Trattativa Stato - mafia, la difesa di Mancino: "Subdole insinuazioni"
"Sull'incontro con il giudice Paolo Borsellino, che non conoscevo fisicamente ma che in tante mie dichiarazioni non ho mai escluso di avergli potuto stringere la mano, come avevo fatto e stavo facendo nel pomeriggio del primo luglio 1992 con tante personalità convenute a Viminale per gli auguri di rito, si sono dette, diffuse e scritte maliziose e subdole insinuazioni. 'Possibile che non lo conoscesse, che non ricordasse: è reticente, chissà che nasconde'". Lo ha detto l'ex ministro dell'Interno, Nicola Mancino, rendendo dichiarazioni spontanee al processo sulla trattativa tra Stato e mafia, in corso al bunker dell'Ucciardone di Palermo. Mancino fa riferimento all'incontro del primo luglio 1992, giorno di insediamento di Mancino al Viminale, nel corso del quale avrebbe incontrato il giudice Borsellino. Un episodio che, però, Mancino sostiene di non ricordare con nitidezza. "Dal telefono interno degli uffici del Dipartimento di pubblica sicurezza mi chiamò il Prefetto Parisi per chiedermi se, trovandosi al Viminale, potevano venirmi a fare gli auguri i giudici Borsellino e Aliquò. Naturalmente risposi affermativamente", dice Mancino.

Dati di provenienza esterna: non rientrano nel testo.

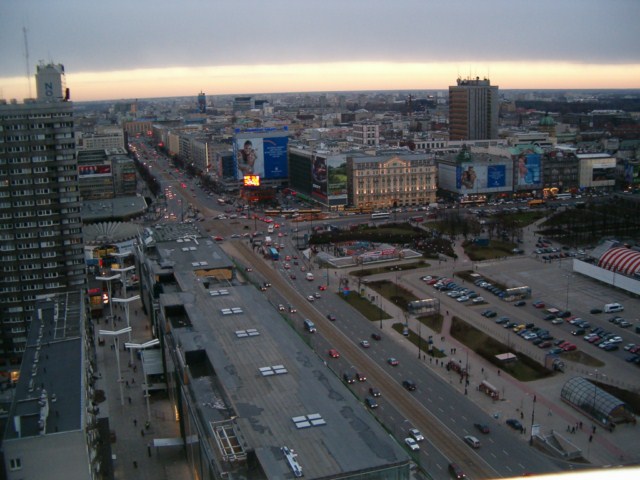 Panorama miasta z wysokości, widok na szeroką aleję z ruchem samochodowym, budynki biurowe i parking, oświetlone billboardy reklamowe, szara kolorystyka wieczornego nieba.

E ricorda le dichiarazioni del pentito Gaspare Mutolo che proprio quel giorno veniva interrogato da Borsellino. "Riferì che il suo interrogatorio venne sospeso a seguito di una telefonata proveniente dal Viminale - dice Mancino - Al ritorno dal Viminale al giudice Borsellino che appariva turbato, scuro in volto, inquieto, il pentito Mutolo avrebbe fatto questa osservazione: Invece di essere contento di avere incontrato il ministro... e il giudice interrompendolo, avrebbe detto 'che ministro e ministro, ho incontrato Parisi e Contrada', secondo Mutolo, Contrada già sapeva che Mutolo stava collaborando e che era a disposizione del magistrato".

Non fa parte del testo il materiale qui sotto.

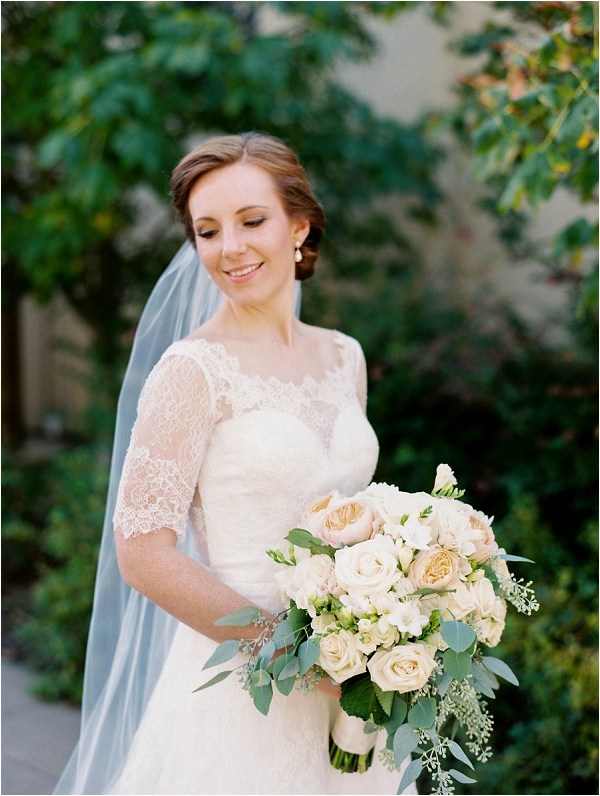 bride holding floral bouquet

"Quel giorno - prosegue Mancino nelle dichiarazioni spontanee - faccio notare che in compagnia del giudice Borsellino si recò al Viminale anche il giudice Aliquò che, interrogato dai pm di Palermo, così rispose: 'Il ministro, ovviamente, si era alzato dalla sua scrivania e ci fece accomodare in un salottino, la conversazione dopo i convenevoli, si era incentrata sul fatto che c'erano difficoltà di indagine", e ricorda che "il dottore Aliquò smentendo Mutolo (non si erano incontrati con Contrada) precisa che dopo l'incontro con il ministro, il dottor Borsellino non aveva manifestato segni di nervosismo". Poi, Mancino ricorda il suo arrivo al Viminale: "Il primo luglio mi insedio al Viminale e ricevo la mattina, per i i saluti, il Capo della Polizia, dottor Parisi, il più alto in grado del Ministero dell'Interno".

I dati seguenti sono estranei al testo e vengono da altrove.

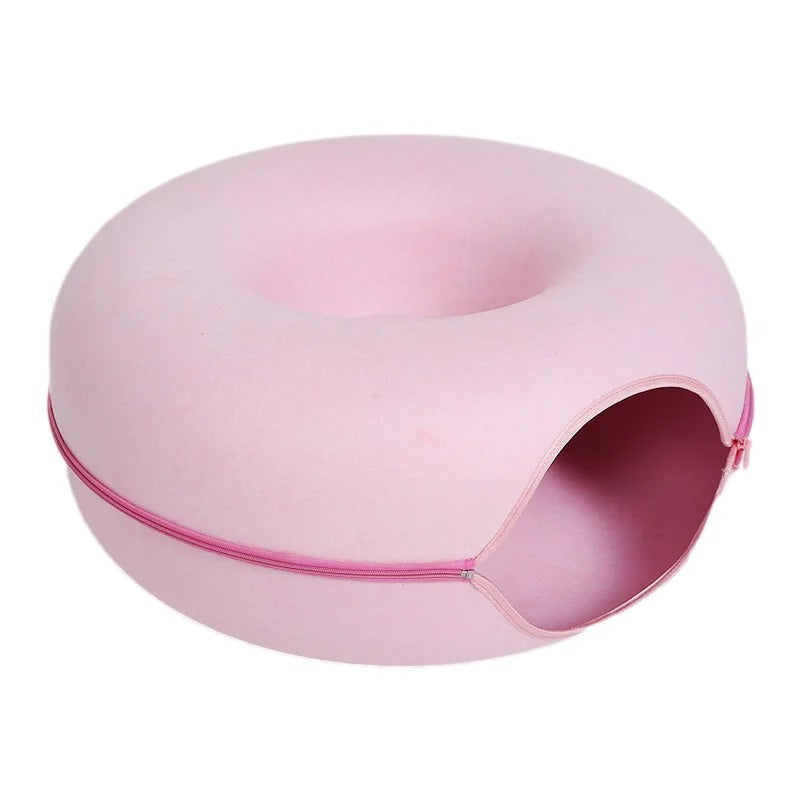 Round pink pet bed with an entrance and zippered closure.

INGROIA. "L’ex ministro Mancino definisce 'temeraria' la mia tesi secondo cui l’attendibilità delle dichiarazioni di Massimo Ciancimino va valutata caso per caso, a seconda se le dichiarazioni sui singoli fatti siano state o meno riscontrate. Sul punto mi limito a ricordare che la cosiddetta 'attendibilità frazionata' di testimoni e collaboratori di giustizia è stata più volte autorevolmente ribadita dalla Cassazione". Lo ha detto Antonio Ingroia, ex pm della procura di Palermo e oggi avvocato, commentando le dichiarazioni spontanee dell'ex presidente del Senato, Nicola Mancino, all'udienza del processo sulla trattativa tra Stato e mafia all'aula bunker del carcere Ucciardone di Palermo."Continuo, invece, a ritenere davvero temeraria, o meglio spudorata - aggiunge Ingroia -, la pretesa di Mancino di essere creduto quando dice di non ricordare di avere incontrato e stretto la mano a Paolo Borsellino perché non lo conosceva 'fisicamente', visto che l’incontro è avvenuto il primo luglio '92 quando era ministro dell’Interno e le foto di Borsellino erano sulle prime pagine di tutti i giornali nel momento in cui, a poche settimane dalla strage di Capaci, era considerato il naturale successore di Falcone e vittima predestinata ad essere uccisa della mafia, come puntualmente accadde poco dopo" conclude l'ex pm antimafia".